Teaching
Here there is a list of the different courses and workshops I taught.
Courses
Courses where I served as teaching assistant at UC Berkeley
- [Fall 2023] STAT 201A: Introduction to Probability at an Advanced Level
- [Spring 2023] STAT 159/259: Collaborative and Reproducible Data Science
- [Spring 2022] STAT 159/259: Collaborative and Reproducible Data Science
I also intructed in the University of Buenos Aires
- [Fall 2017] Topics of Physics for Math majors
Developing STAT 159 at UC Berkeley
With Fernando Pérez and building on top of the contributions of past intructors of this course, we have developed a new curriculum for undergraduate and graduate students that focuses in good computational practices that encourage collaboration and reproducibility. The contents of STAT 159/259: Collaborative and Reproducible Data Science include
- Working with a team in GitHub
- Good programing practices
- Tools in the Jupyter ecosystem (Notebook, Lab, Binder, JupyterBook)

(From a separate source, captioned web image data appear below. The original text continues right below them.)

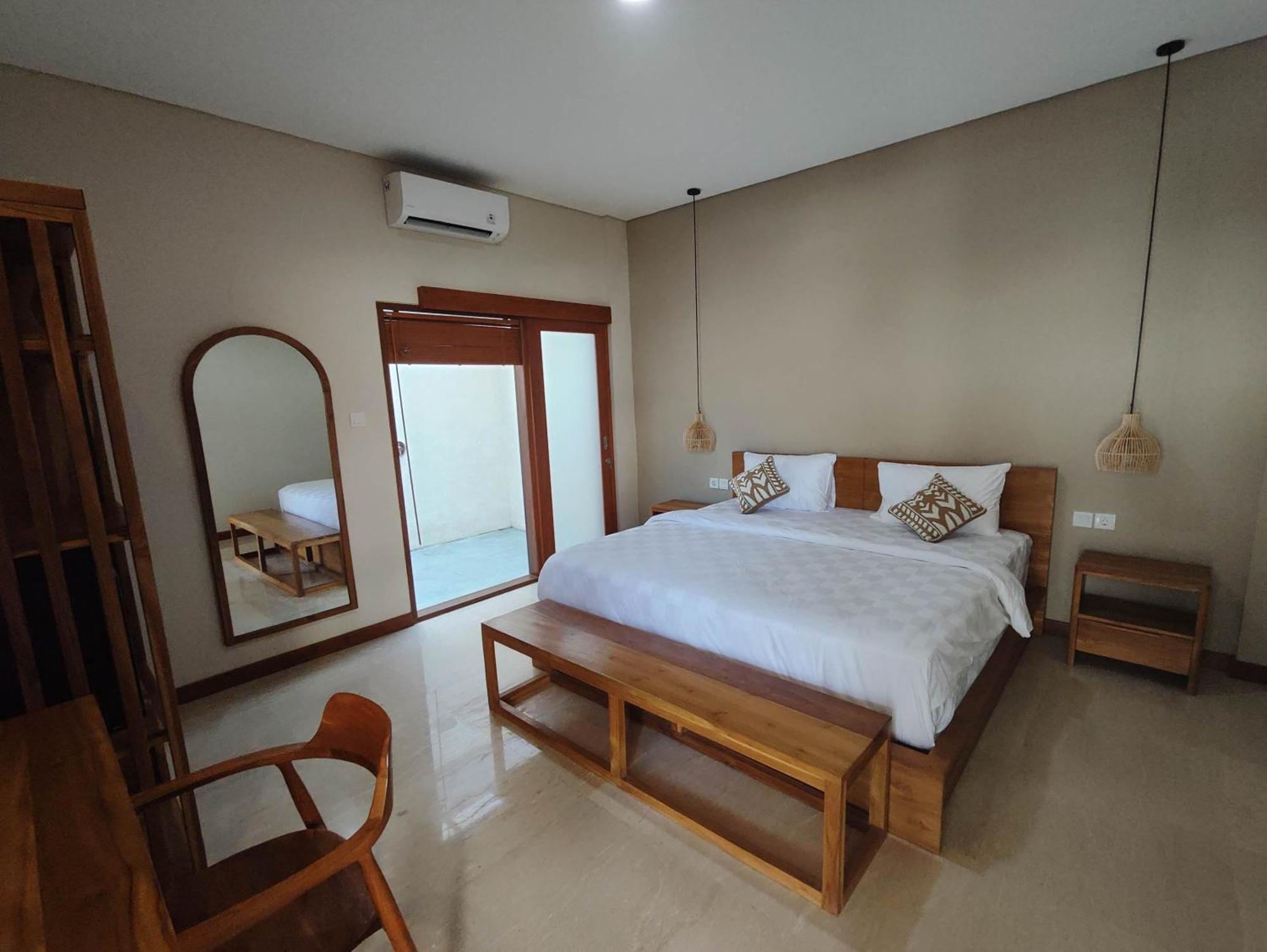 Villa Lovecho Canggu Buitenkant foto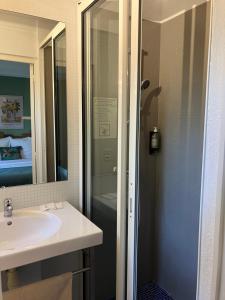 Hotels La Bastide du Val : Chambre Double avec Terrasse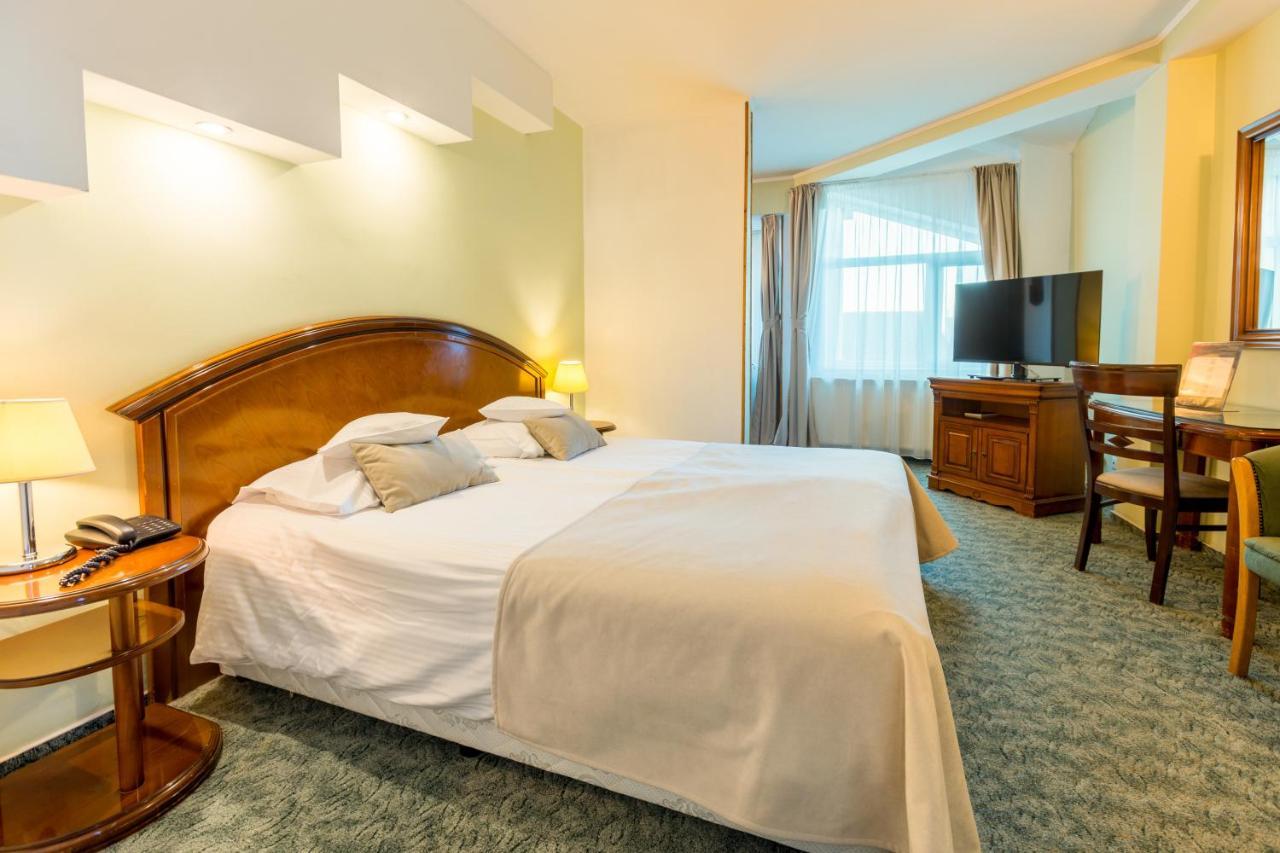Hotel Ambient Braşov Eksteriør billede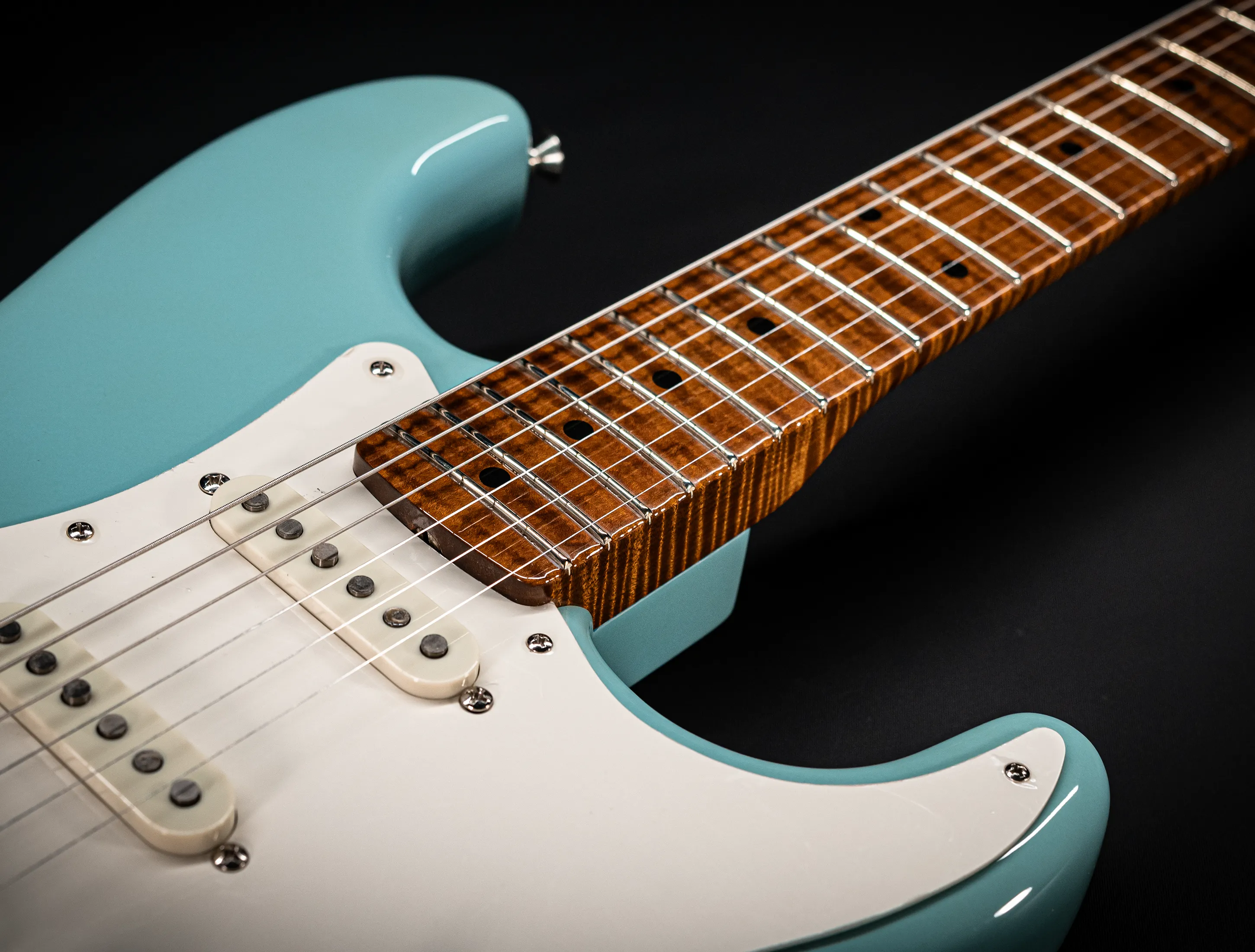 Fender 50`s Limited Stratocaster NOS Mastergrade roasted Flame AAAA Neck - Daphne Blue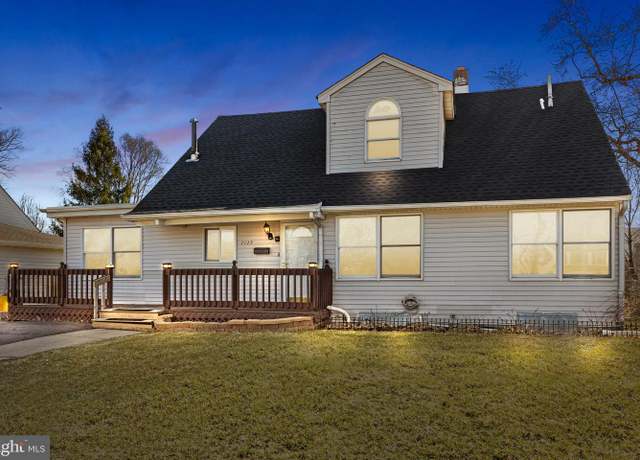 Property at 1419 State Highway 33, Hamilton, NJ 08690, 5 beds, 3 baths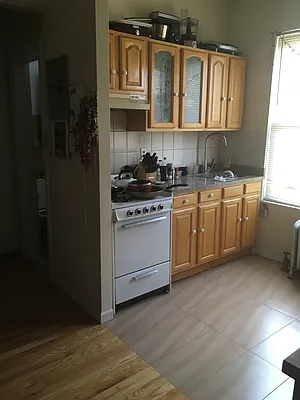 Rented by Metropolis International Realty Inc. | media 40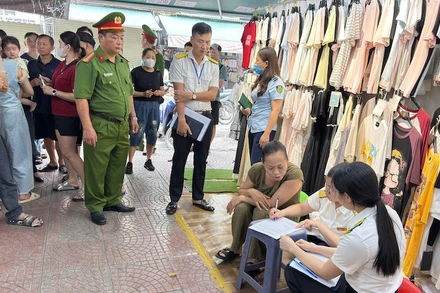 Tuyên truyền công tác quản lý thuế đối với hộ kinh doanh.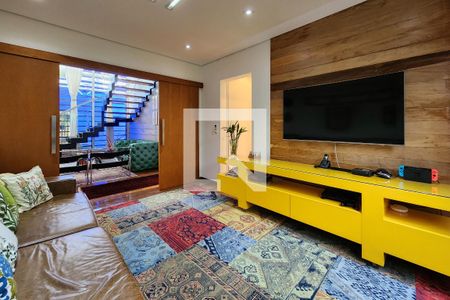Sala de TV de casa à venda com 3 quartos, 370m² em Cerâmica, São Caetano do Sul
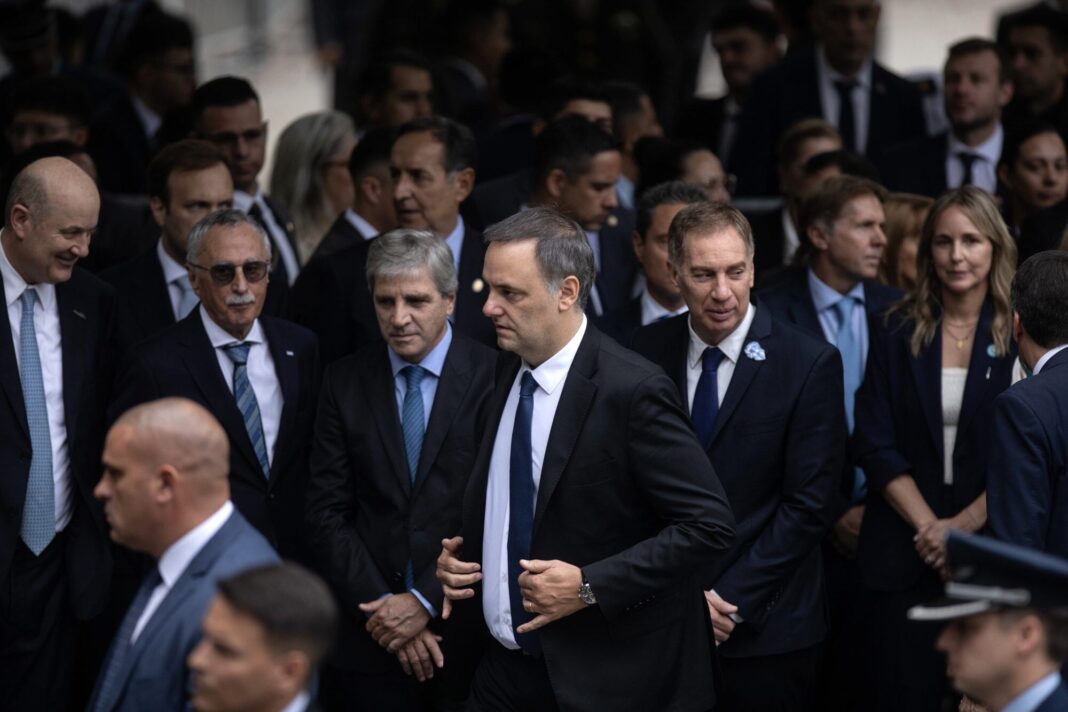 Gráfico de análisis de redes sociales sobre menciones a Manuel Adorni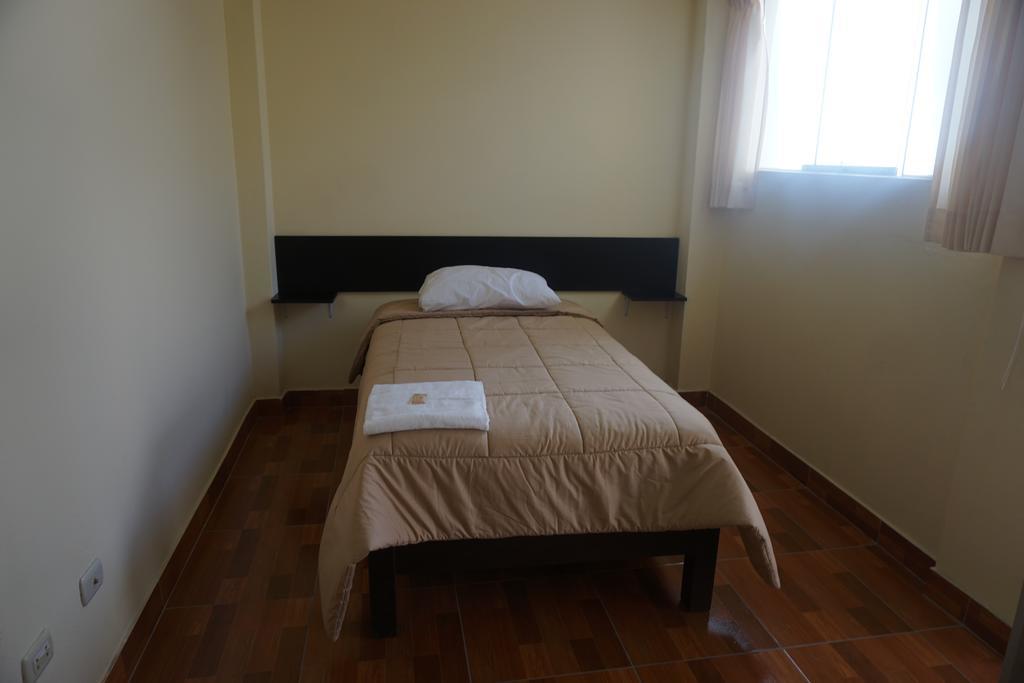 Residencial Mamamia Hotel Tacna Buitenkant foto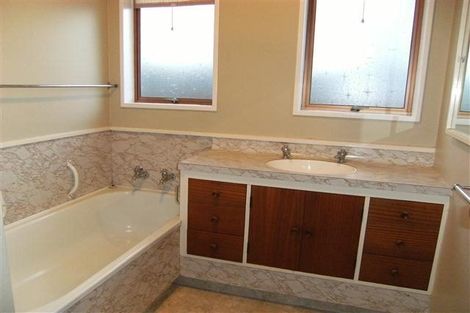 Photo of property in 800b Queen Street East, Parkvale, Hastings, 4122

- Packaging and testing of scientific software in Python
- Working in sharable virtual environments
- Automation with GitHub actions and Make
The courses focuses in applicatins to climate sciences using Python, but most of these ideas are applicable to other domains and programming languages.
We believe there is a need in introducing these contents to students in data science programs. It is our expirience that students benefit from this course and they start applying the workflows they learned in their research projects and future works.
If you are interested in the contents of the course, you can check the course website where you can see notes and labs.
Workshops
I am a member of the organizing team and instructor of the Machine Learning in Glaciology workshop. There had been already two realizations of the workshop in 2022 and 2023 in the Finse research station in Norway. The goal of the workshop is to introduce machine learning tools to both students and reseachers working in glacier modelling and encourage new collaborations.